In November 2020, the Italian Government unveiled an investment package of €1bn for infrastructure development designed to improve access to venues for the Games. The funding will be used for road and railway projects in the Lombardy and Veneto regions that will host the Games, along with the autonomous provinces of Bolzano and Trento.
Under the decree, Lombardy will receive €473m, while €325m will go to Veneto, €120m for Trento and €82m for Bolzano. All projects must be finished before the Games commence in February 2026.
The budget law for 2021 had provided €145m as a state contribution for sports facilities.

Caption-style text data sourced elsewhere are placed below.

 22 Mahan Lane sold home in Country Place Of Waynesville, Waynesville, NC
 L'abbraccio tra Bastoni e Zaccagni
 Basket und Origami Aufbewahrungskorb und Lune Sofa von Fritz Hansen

With regards the construction of particularly complex works, some of these projects have been assigned to extraordinary commissioners appointed with the Prime Minister’s Decree of August 5 and are already in the construction phase or at the final planning stage.
Deputy Minister of Sustainable Infrastructure and Mobility, Alessandro Morelli, said: “The constitution of the company, charged with carrying out more than half of the infrastructural interventions connected to the Winter Games, finally marks the entry into the operational phase of the Olympic project.

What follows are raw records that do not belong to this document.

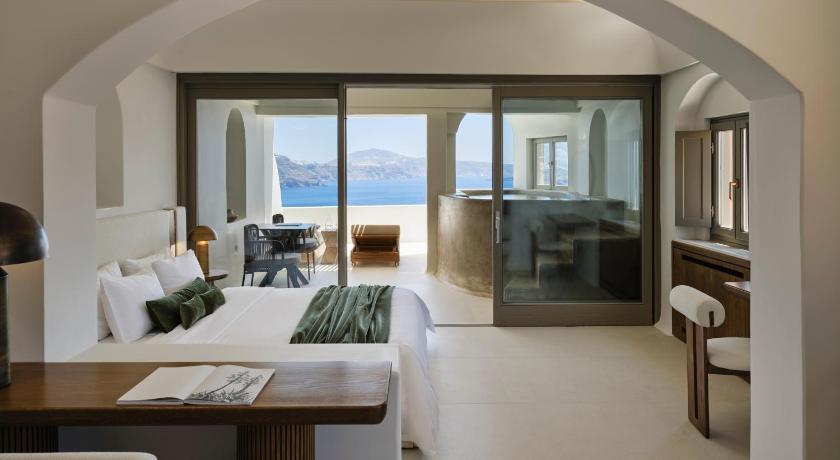 Image of Honeymoon Suite with Outdoor Hot Tub 0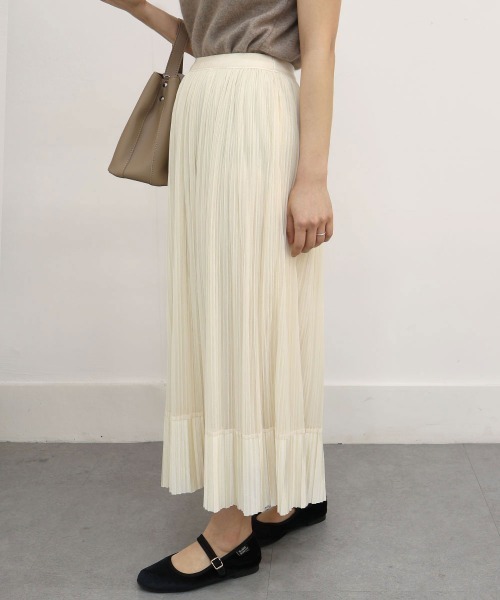 CEMONEMO（セモネモ）の「チュール サテン プリーツ スカート（スカート・レディース・アイボリー/ブラック・FREE）」の12枚目の写真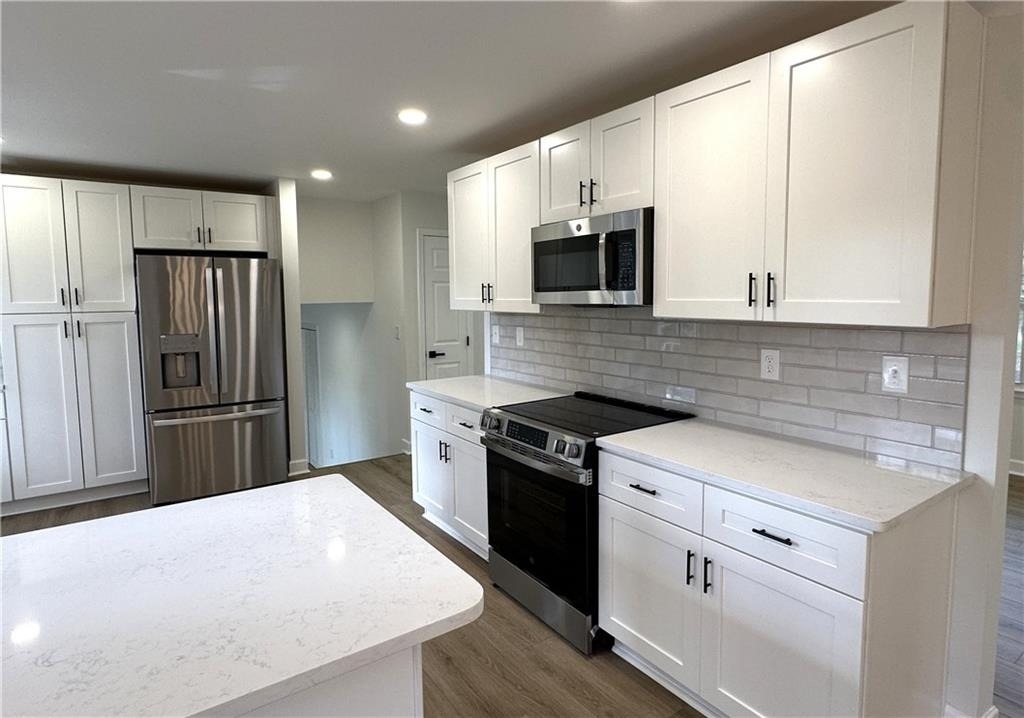 2972 Pathview Lane - Photo 6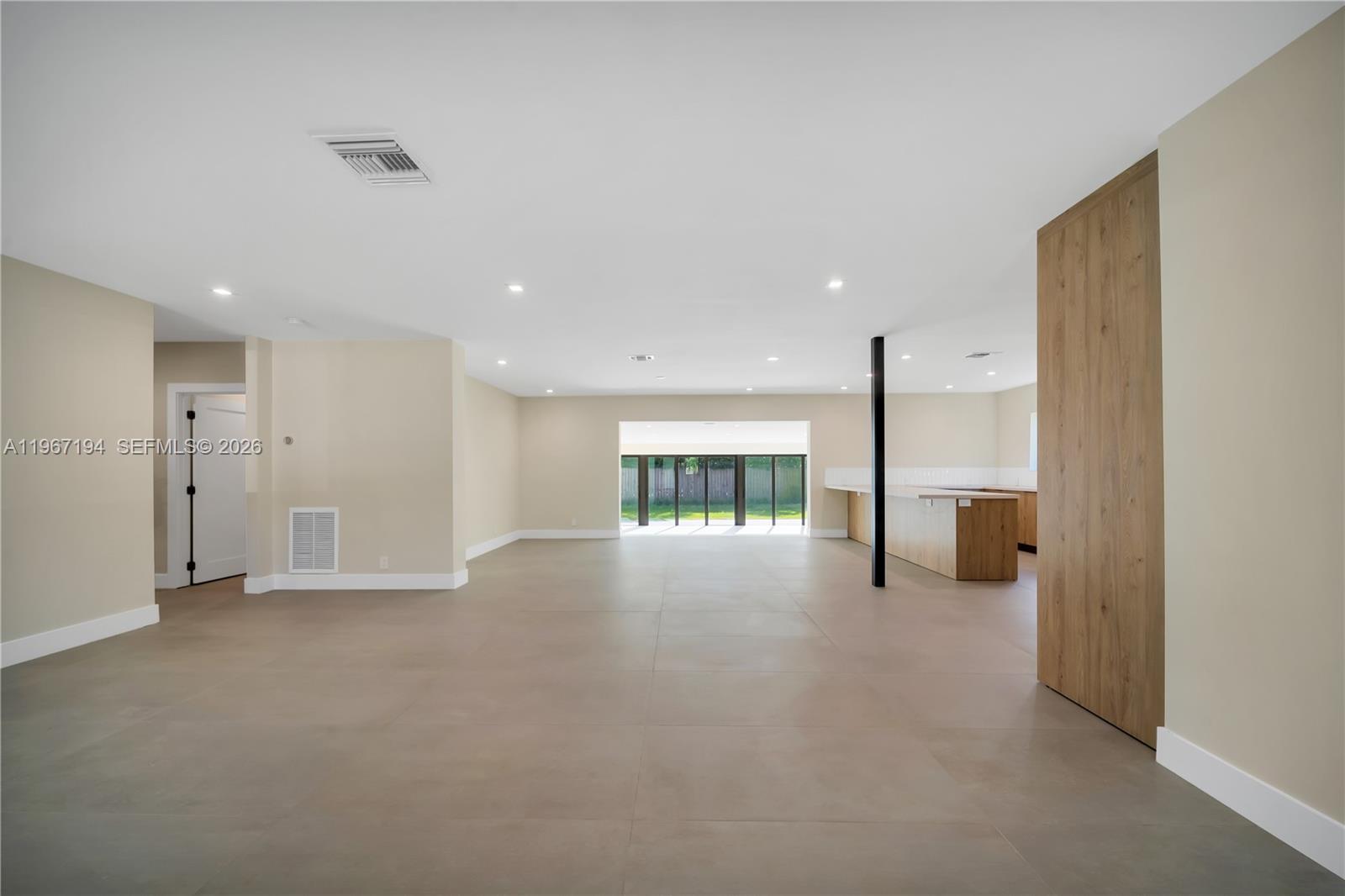 910 W 47th Ct Miami Beach, FL 33140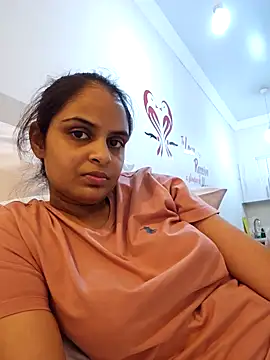 Snapshot of DirtySnowball69 chatting on 12.23.24 DirtySnowball69 online show from 12.23.24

“A Games that, as a whole, is worth more than €10bn and will have significant repercussions on employment and GDP. Without considering that the Olympics alone will be able to generate around 20,000 jobs and almost €2bn in turnover.”
Giuseppe Sala, the Mayor of Milan, last month maintained that the opening ceremony of the 2026 Games will be held at the San Siro, with any demolition of the stadium set to take place after the conclusion of the Games as both AC Milan and Inter Milan progress with their plans to develop a new stadium.
In August, CTS Eventim took over the development of the MSG Arena in Milan, which is to host events at the Olympics. The ticketing and live entertainment provider will lead the planning and construction of the 16,000-capacity multipurpose arena, which will become Italy’s largest indoor venue when it opens in autumn 2025.
Oak View Group announced the venue as its first European project through a partnership with Live Nation at around the time Milan won the 2026 Olympic bid in 2019, but rights have now switched to CTS Eventim.
The arena will initially be made available to the IOC for the Winter Games at the beginning of 2026 and is set to host ice hockey events.
Commenting on the formation of Infrastrutture Milano Cortina 2020-2026, Undersecretary to the Prime Minister with responsibility for Sport, Valentina Vezzali, said: “Since the beginning of my mandate I have worked to make this structure operational and make up for lost time.
“I am confident because I know the qualities of those who will be at the top of this company, but above all because we have registered great harmony between all the protagonists. This ‘team spirit’, which made the Italian candidacy successful in the eyes of the IOC, will allow our country to be ready for the 2026 Olympic and Paralympic events.”